**ACTION ITEM**
Return the data below unchanged, without images.

**DATA SHOWN**
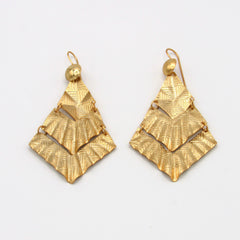 Aretes Triángulo Abanico Dorado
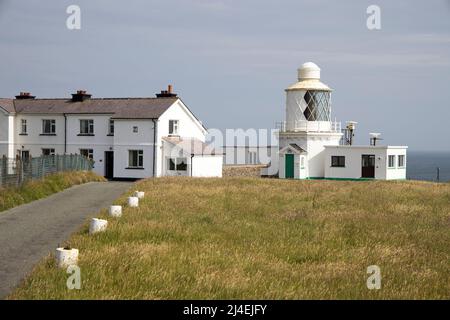 Leuchtturm von St. Ann's Head, Dale, Pembrokeshire, Wales, Großbritannien Stockfoto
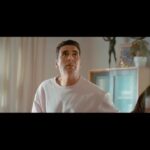 Akshay Kumar Instagram - Game kissi aur ka, par khel gaya Sting!!! #Ad @sting_india #EnergyBoleTohSting #StingEnergy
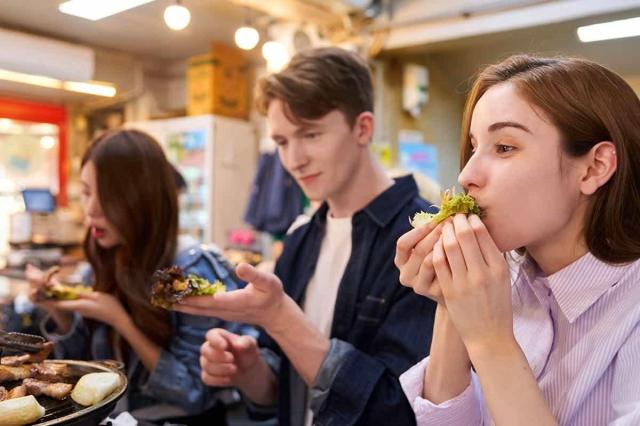 比中国健康比日本美味 美食成韩国旅游发展新引擎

**EXERCISE RESULT**
 Aretes Triángulo Abanico Dorado
 Leuchtturm von St. Ann's Head, Dale, Pembrokeshire, Wales, Großbritannien Stockfoto
 Akshay Kumar Instagram - Game kissi aur ka, par khel gaya Sting!!! #Ad @sting_india #EnergyBoleTohSting #StingEnergy
 比中国健康比日本美味 美食成韩国旅游发展新引擎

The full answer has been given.